Record extracts
^^^^^^^^^^^^^^^^

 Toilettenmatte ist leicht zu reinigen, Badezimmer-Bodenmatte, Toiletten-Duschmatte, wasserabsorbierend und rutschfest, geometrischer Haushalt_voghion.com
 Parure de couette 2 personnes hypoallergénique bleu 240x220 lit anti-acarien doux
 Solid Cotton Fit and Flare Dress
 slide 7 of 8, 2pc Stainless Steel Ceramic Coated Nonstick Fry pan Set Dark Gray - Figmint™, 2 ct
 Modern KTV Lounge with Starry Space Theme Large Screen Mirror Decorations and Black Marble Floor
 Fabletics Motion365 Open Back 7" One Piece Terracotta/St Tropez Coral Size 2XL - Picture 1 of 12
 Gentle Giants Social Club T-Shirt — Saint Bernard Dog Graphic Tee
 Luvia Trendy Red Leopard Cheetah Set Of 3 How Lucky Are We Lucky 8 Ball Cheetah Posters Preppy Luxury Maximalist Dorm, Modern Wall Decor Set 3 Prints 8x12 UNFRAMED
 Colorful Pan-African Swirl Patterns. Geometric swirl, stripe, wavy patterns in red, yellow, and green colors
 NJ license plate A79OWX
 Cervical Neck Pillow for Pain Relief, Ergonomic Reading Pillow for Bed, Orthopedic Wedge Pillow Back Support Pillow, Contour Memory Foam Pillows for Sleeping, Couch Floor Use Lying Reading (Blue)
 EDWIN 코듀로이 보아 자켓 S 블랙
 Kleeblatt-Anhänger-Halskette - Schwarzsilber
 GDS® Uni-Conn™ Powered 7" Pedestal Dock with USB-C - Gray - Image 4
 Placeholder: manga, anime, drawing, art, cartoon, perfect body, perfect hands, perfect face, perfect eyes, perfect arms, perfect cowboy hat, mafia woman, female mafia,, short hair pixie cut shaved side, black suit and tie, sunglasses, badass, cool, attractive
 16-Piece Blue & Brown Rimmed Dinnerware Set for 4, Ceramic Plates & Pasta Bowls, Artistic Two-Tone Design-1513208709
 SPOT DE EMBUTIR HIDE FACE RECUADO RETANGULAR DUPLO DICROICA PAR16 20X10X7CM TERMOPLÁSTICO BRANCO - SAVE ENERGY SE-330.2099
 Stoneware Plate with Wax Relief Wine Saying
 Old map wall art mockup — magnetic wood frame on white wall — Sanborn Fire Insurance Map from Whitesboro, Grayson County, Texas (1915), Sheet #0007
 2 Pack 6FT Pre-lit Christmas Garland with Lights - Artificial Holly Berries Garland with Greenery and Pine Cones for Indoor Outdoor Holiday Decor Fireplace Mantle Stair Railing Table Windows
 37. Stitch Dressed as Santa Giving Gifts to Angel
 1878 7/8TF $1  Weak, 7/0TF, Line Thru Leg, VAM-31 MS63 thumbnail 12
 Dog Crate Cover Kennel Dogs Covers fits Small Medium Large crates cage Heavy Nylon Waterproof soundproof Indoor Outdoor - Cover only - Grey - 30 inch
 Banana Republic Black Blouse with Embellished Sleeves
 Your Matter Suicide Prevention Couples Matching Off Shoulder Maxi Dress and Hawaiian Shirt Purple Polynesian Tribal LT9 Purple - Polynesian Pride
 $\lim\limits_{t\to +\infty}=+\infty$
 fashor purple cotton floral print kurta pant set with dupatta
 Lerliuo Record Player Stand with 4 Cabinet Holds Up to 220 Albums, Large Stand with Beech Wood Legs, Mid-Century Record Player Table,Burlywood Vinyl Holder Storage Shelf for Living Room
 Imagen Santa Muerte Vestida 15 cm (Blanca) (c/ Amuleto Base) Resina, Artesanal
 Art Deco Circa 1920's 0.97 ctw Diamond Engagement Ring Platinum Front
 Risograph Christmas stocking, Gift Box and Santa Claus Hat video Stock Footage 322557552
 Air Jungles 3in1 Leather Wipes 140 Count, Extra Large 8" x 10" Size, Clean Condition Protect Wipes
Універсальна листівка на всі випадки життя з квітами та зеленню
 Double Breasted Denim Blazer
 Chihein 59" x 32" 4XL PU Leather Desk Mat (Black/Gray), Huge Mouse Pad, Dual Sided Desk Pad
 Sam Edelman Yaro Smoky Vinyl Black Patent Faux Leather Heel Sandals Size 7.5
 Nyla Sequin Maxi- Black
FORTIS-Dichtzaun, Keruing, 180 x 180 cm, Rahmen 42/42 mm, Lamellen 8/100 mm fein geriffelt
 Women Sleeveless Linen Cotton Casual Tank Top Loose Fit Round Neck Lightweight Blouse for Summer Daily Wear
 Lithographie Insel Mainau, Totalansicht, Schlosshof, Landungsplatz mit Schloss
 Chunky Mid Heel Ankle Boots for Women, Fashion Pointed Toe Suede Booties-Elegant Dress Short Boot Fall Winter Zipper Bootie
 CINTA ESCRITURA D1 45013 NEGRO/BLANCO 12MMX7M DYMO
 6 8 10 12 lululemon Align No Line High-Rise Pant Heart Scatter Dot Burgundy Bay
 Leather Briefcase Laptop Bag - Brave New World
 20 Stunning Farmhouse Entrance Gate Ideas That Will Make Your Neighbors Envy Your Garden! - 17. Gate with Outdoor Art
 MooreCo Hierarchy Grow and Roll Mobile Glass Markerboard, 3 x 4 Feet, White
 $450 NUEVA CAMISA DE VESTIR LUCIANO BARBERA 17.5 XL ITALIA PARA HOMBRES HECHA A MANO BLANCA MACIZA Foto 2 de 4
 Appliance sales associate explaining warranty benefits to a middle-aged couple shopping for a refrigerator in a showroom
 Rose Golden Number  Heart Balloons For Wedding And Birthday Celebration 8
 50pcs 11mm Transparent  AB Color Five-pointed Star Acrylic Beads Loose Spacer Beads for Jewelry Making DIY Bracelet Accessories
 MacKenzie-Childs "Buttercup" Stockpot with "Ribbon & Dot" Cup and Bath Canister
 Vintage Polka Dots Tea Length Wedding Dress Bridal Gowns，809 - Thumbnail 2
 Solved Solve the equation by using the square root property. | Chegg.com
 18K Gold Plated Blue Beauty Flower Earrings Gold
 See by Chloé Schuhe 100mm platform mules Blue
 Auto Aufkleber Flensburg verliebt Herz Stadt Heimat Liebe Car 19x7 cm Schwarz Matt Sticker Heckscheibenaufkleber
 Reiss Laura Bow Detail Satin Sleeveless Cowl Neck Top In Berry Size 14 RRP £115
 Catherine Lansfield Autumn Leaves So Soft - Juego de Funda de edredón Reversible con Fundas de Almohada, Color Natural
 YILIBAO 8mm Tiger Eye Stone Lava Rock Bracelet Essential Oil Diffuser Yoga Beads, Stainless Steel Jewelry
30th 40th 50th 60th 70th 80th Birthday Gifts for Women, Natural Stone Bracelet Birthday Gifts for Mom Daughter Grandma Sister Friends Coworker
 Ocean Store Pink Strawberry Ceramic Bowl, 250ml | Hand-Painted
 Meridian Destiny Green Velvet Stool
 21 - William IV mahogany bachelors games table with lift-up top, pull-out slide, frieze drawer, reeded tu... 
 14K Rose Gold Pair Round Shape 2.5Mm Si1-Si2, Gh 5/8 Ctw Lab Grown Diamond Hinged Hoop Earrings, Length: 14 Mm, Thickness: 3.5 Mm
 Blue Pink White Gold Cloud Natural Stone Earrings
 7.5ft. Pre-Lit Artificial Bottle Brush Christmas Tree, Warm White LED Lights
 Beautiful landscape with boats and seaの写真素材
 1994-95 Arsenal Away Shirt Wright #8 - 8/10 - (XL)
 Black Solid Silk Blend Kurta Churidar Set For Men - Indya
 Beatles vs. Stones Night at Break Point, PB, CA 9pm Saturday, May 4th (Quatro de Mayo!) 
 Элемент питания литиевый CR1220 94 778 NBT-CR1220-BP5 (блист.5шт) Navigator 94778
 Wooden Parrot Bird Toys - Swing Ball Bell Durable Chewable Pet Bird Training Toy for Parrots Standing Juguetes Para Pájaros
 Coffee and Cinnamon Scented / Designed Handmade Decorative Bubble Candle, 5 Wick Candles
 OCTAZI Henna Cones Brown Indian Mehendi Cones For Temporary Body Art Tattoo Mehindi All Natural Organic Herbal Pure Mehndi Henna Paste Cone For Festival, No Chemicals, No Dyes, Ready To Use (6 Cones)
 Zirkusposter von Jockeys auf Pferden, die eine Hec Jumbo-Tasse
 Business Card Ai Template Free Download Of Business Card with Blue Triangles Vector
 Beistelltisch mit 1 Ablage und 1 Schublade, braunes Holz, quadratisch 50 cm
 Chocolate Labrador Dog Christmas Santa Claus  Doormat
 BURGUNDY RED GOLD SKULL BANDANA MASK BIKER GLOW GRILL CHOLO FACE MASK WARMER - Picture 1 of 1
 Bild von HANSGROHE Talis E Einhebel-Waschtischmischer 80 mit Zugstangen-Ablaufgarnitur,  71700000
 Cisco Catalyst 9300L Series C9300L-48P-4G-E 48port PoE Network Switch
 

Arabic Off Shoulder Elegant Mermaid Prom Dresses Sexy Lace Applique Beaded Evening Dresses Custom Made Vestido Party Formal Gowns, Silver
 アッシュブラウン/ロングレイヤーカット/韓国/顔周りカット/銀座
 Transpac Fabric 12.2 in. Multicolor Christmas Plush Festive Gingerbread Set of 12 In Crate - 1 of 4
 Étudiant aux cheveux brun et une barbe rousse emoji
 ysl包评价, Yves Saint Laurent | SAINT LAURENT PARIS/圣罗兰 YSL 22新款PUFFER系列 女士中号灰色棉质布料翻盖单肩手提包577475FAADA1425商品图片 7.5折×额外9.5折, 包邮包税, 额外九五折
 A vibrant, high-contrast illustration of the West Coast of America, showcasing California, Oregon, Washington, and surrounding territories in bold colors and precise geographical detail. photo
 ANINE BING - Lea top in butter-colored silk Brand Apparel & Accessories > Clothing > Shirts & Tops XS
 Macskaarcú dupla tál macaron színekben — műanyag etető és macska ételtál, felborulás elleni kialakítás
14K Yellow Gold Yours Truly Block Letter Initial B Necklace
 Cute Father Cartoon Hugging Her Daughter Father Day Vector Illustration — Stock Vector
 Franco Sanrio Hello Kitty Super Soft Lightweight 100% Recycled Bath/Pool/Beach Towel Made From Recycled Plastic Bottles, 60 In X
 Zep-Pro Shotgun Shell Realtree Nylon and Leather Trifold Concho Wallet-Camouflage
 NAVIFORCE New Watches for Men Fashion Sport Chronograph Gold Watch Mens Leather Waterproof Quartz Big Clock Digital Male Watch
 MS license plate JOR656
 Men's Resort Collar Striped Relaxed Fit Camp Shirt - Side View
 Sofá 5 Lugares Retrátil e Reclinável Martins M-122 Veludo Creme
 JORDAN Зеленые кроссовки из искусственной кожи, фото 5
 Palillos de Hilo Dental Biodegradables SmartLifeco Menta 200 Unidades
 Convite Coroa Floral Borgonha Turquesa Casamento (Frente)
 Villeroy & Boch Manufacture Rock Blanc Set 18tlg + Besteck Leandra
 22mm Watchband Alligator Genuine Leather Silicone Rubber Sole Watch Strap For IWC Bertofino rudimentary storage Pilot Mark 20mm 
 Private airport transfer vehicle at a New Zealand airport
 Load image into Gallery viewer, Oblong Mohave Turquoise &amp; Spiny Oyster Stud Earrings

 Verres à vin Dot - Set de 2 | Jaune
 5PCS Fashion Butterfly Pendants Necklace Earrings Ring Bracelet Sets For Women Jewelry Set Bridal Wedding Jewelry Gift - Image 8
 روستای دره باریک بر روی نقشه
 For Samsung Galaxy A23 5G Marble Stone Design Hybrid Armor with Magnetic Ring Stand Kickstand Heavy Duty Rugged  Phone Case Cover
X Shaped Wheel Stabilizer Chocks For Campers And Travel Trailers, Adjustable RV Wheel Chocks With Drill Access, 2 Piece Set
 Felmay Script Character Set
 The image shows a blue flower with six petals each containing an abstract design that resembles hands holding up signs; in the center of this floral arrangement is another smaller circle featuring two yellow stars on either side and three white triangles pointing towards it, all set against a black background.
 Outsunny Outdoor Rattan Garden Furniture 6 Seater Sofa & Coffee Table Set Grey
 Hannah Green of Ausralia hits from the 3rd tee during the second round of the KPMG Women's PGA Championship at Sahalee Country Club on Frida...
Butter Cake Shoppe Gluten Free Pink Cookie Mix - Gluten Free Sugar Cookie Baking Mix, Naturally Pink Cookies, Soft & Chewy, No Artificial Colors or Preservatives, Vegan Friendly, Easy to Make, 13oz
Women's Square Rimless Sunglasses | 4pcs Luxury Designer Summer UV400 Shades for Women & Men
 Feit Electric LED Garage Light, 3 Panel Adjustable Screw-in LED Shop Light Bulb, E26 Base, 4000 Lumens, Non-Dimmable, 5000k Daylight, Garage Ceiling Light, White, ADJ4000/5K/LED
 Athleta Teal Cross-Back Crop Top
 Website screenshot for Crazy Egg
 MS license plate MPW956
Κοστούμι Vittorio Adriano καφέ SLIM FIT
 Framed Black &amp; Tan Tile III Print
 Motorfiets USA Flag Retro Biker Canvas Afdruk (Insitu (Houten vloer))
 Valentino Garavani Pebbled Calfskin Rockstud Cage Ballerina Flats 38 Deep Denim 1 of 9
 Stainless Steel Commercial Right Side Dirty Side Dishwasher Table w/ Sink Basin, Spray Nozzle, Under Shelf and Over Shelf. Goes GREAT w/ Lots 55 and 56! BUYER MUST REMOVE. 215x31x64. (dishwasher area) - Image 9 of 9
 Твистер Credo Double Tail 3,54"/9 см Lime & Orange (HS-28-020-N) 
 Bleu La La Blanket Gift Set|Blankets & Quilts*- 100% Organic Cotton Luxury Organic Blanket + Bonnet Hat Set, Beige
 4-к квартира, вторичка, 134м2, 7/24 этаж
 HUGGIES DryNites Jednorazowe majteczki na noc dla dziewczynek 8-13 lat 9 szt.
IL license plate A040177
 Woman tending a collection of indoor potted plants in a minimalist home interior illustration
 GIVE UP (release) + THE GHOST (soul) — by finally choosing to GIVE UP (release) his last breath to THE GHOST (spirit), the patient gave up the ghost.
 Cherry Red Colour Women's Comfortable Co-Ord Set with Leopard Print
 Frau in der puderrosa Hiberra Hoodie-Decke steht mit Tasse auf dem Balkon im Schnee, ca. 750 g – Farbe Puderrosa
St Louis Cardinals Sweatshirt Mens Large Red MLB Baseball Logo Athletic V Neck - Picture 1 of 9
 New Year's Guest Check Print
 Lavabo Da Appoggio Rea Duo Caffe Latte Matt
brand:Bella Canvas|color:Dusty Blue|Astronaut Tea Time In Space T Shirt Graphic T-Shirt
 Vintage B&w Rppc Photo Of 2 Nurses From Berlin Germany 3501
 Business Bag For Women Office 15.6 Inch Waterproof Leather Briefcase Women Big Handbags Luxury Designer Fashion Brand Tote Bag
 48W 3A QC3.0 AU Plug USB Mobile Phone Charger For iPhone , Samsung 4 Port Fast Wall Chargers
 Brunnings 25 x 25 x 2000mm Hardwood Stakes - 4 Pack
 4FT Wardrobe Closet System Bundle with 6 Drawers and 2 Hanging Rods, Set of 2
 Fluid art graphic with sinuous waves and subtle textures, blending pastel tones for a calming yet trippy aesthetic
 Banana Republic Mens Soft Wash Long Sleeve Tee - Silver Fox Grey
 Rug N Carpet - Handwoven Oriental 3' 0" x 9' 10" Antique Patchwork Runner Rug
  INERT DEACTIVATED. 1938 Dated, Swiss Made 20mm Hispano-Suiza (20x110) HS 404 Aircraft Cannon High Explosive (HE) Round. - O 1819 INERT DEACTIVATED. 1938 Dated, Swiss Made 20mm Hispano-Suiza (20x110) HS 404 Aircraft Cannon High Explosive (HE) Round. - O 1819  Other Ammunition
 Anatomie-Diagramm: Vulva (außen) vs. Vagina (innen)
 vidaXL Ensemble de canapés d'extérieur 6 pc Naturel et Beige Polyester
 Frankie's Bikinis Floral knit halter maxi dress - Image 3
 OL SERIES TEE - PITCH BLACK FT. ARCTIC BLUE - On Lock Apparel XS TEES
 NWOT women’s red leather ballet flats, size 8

^^^^^^^^^^^^^^^^

What to work on
For the listing above, print only the lines starting at the line containing "Элемент питания литиевый" and ending at the line containing "Arabic Off Shoulder", exactly, both included.

Answer section
 Элемент питания литиевый CR1220 94 778 NBT-CR1220-BP5 (блист.5шт) Navigator 94778
 Wooden Parrot Bird Toys - Swing Ball Bell Durable Chewable Pet Bird Training Toy for Parrots Standing Juguetes Para Pájaros
 Coffee and Cinnamon Scented / Designed Handmade Decorative Bubble Candle, 5 Wick Candles
 OCTAZI Henna Cones Brown Indian Mehendi Cones For Temporary Body Art Tattoo Mehindi All Natural Organic Herbal Pure Mehndi Henna Paste Cone For Festival, No Chemicals, No Dyes, Ready To Use (6 Cones)
 Zirkusposter von Jockeys auf Pferden, die eine Hec Jumbo-Tasse
 Business Card Ai Template Free Download Of Business Card with Blue Triangles Vector
 Beistelltisch mit 1 Ablage und 1 Schublade, braunes Holz, quadratisch 50 cm
 Chocolate Labrador Dog Christmas Santa Claus  Doormat
 BURGUNDY RED GOLD SKULL BANDANA MASK BIKER GLOW GRILL CHOLO FACE MASK WARMER - Picture 1 of 1
 Bild von HANSGROHE Talis E Einhebel-Waschtischmischer 80 mit Zugstangen-Ablaufgarnitur,  71700000
 Cisco Catalyst 9300L Series C9300L-48P-4G-E 48port PoE Network Switch
 

Arabic Off Shoulder Elegant Mermaid Prom Dresses Sexy Lace Applique Beaded Evening Dresses Custom Made Vestido Party Formal Gowns, Silver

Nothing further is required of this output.